The Italian legal culture has embraced as part of its personality rights what is called the right to personal identity, an individual’s right “to appear and to be represented in social life (especially by the mass media) in a way that fits with, or at least does not falsify or distort, his or her personal history.”53 The Italian legal scholar Giorgio Pino explains that the Italian Civil Code of 1942 explicitly recognizes only the right to one’s name and pseudonym, likeness, and moral copyright and that the Italian constitution is less explicit in its recognition of a right to the development of the person than are other national constitutions such as those of Germany and Spain. Nonetheless, Italian judges, not unlike French and German judges before them, interpreted these rights to craft a right to personal identity using common law techniques in a civil law system.54 For instance, in Pangrazi and Silvetti v. Comitato Referendum (1975), a photograph of an unmarried farming couple was used without their consent on posters supporting a traditionalist, antidivorce movement to which they were opposed.55 The judge expanded on the plaintiff’s claim that the poster violated their likeness rights by adding that the image violated the individuals’ right to have their personal identity protected from misrepresentation by widespread publication. Pino further explains that judicial developments have given the Italian right to personality distinct features: misrepresentation of the person must be made public to be actionable; it does not protect privately held ideas or thoughts; and the right is flexible, covering various contexts such as political, sexual, and professional identities.

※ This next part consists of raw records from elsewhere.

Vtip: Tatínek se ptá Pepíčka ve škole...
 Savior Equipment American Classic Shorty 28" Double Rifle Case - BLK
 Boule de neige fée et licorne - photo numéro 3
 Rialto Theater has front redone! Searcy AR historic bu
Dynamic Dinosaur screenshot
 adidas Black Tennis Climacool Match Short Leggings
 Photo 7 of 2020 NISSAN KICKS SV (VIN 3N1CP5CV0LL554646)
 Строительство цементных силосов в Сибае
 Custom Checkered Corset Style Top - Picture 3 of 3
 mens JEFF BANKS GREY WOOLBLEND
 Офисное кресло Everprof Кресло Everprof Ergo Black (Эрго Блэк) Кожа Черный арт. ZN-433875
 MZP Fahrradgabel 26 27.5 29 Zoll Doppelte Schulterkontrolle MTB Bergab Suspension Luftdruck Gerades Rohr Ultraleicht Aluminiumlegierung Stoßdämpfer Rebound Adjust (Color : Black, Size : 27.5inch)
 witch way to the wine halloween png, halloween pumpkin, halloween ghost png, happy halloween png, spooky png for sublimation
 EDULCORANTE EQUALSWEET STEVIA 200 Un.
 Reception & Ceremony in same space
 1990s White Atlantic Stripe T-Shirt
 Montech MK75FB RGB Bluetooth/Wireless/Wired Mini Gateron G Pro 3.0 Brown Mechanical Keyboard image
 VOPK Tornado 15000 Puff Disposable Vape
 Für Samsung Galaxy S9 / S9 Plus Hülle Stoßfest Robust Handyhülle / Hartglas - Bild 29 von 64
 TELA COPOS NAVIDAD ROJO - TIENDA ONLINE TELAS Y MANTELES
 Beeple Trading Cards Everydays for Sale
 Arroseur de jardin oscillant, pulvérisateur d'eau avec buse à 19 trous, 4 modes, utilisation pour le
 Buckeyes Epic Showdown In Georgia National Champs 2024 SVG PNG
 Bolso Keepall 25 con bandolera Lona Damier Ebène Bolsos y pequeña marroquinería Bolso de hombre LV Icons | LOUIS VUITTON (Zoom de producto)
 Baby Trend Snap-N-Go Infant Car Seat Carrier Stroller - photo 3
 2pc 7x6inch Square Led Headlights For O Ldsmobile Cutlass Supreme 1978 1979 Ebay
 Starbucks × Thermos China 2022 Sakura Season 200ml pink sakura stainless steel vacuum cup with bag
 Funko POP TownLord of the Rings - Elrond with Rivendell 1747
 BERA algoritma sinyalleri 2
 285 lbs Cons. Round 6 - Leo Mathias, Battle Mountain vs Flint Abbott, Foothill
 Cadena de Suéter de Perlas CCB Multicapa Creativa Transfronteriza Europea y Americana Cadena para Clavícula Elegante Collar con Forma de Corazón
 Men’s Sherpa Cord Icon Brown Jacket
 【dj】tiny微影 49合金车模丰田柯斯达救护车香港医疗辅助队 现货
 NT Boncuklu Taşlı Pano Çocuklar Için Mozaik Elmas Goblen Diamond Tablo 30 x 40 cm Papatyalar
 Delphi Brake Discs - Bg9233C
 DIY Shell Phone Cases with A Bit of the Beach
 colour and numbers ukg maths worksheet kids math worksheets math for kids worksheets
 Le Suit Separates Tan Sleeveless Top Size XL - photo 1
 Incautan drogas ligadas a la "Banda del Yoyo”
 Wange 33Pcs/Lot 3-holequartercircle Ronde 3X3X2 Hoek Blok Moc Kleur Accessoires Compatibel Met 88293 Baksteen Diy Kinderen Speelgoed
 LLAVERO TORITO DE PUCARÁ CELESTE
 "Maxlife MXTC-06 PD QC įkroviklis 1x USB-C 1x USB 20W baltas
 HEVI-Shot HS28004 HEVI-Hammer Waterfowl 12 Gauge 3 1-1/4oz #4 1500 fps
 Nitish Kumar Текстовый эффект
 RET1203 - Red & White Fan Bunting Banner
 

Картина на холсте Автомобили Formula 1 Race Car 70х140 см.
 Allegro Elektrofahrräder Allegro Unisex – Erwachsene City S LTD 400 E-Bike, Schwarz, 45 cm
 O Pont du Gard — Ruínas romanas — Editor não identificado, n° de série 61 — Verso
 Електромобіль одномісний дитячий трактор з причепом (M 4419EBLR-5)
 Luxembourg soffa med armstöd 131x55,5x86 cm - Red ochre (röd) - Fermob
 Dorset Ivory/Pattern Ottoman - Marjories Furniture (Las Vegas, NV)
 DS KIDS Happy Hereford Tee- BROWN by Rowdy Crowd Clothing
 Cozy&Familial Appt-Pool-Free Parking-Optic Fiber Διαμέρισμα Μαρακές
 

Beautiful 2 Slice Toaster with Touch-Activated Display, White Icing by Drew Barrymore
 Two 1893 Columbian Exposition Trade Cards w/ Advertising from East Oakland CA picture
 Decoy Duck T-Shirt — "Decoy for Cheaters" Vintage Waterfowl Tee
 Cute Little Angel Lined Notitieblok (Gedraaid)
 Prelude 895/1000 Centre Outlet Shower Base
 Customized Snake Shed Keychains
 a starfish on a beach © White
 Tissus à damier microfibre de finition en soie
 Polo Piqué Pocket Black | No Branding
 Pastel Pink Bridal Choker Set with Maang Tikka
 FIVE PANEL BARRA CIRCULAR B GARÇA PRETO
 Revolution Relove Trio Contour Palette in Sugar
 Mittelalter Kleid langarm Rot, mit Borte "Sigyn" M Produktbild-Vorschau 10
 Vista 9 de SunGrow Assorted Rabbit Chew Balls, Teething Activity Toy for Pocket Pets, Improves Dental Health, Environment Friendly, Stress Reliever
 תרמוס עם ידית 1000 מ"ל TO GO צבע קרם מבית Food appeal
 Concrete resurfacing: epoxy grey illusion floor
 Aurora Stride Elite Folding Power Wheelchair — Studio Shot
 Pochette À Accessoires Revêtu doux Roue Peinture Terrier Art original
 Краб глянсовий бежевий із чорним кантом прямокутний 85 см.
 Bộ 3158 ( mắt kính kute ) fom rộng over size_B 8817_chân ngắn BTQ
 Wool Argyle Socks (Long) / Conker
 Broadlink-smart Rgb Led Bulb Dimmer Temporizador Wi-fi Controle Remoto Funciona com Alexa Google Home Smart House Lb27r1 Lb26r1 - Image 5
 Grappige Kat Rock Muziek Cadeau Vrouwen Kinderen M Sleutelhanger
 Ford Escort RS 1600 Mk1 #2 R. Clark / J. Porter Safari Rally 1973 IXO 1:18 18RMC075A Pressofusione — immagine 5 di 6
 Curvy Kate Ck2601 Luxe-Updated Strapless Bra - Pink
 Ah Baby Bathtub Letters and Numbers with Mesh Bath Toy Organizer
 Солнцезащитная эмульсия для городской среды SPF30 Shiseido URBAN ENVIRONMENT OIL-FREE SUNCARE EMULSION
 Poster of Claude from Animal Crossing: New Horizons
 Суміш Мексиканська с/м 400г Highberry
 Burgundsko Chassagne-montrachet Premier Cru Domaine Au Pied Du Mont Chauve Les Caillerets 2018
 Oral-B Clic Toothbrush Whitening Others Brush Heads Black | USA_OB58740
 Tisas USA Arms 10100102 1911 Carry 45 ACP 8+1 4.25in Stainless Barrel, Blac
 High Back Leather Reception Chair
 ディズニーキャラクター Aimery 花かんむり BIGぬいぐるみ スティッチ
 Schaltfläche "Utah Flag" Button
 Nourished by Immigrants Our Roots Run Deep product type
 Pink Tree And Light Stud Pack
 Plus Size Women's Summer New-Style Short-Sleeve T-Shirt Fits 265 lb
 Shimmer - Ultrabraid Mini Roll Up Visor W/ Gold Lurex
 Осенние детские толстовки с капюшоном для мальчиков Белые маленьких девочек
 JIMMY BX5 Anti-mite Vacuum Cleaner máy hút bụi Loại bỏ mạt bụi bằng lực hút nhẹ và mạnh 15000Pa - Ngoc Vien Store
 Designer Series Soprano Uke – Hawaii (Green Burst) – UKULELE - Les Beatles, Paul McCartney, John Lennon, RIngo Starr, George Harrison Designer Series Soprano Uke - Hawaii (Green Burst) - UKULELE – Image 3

As an example of the right-to-oblivion context, a convicted murderer who was later pardoned and then the subject of a newspaper trivia game thirty years later successfully challenged the publication. The Tribunale Roma ruled that the paper “shed ‘false light in the public eye’ about the actual personality of the subject” and had not proved justifiable public interest.56

The Italian courts and data-protection agencies have focused on time and data quality to extend protection to citizens in a related way. In 1984, the Italian Court of Cassation established a balancing test for old information when 1972–1973 newspaper reports concerning the fund of two real estate companies were claimed to be continually damaging a decade later.57 The court used three criteria to weigh article 2043 of the Italian Civil Code, providing for recourse when loss is suffered, in light of article 21 of the Italian constitution, providing for freedom of the press (codified in the Italian Press Act): (1) the information must be of social or public interest, (2) the coverage must be correct or at least lead to serious investigation toward discovering truth, and (3) the information must be presented objectively and civilly.58 The court considered the social utility of the information, its incompleteness, and the harm and potential harm, with a special focus on time.59

In 2004, the Italian data-protection agency (Garante) interpreted the data-quality principle in article 11 of its data-protection legislation to mean that data quality is not preserved when personal data that no longer meets the initial objective associated with its collection is not deleted, particularly upon notification from the data subject.60 In 2005, the Garante dealt with the online retrieval of an Italian Antitrust Authority decision against a company for misleading advertisements.61 The agency determined that external search engines should be restricted from crawling the information by applying “Robot Meta Tags” to certain pages and asked the Antitrust Authority to create a time-based policy for hiding the sanctions.62 After five years, the Antitrust Authority would apply metatags to the pages to signal to external crawlers that the pages should not be indexed.63 In a decision out of the Third Civil Division in April 2012, the Italian Supreme Court of Cassation in Rome ordered online news archives to be kept up-to-date so that the right to be forgotten could be enforced in terms of keeping personal data accurate and timely.64 The ruling was directed at Italian newspapers like the Corriere della Sera, one of Italy’s most dominant news sources.65 The case arose when search engines were connecting a politician from Lombardy to news coverage of his 1993 arrest and charges of corruption for which he was later acquitted.66 Finding no recourse with the Garante or the Court of Milan, the claimant filed suit with the Court of Cassation to at least resolve the incompleteness of the information in the digital news archives.67 The court agreed that the information was incomplete in light of later events and that archived articles must be accompanied by relevant updates.68

The Spanish data-protection agency (AEPD) has ardently recognized and extended the right to be forgotten. With a firm constitutional foundation in article 10, which provides a right to the free development of personality, the AEPD established the Spanish right to be forgotten in the principles of collection limitation, purpose specificity, and data quality. However, Spain expanded the concept on the basis of its particular privacy position. The AEPD had no problem providing data subjects who were not public figures or part of a news story the right to correct or respond to personal data online.69 More so than any other country, Spain relies on the right to withdraw consent, found in article 6.3 of its data-protection law.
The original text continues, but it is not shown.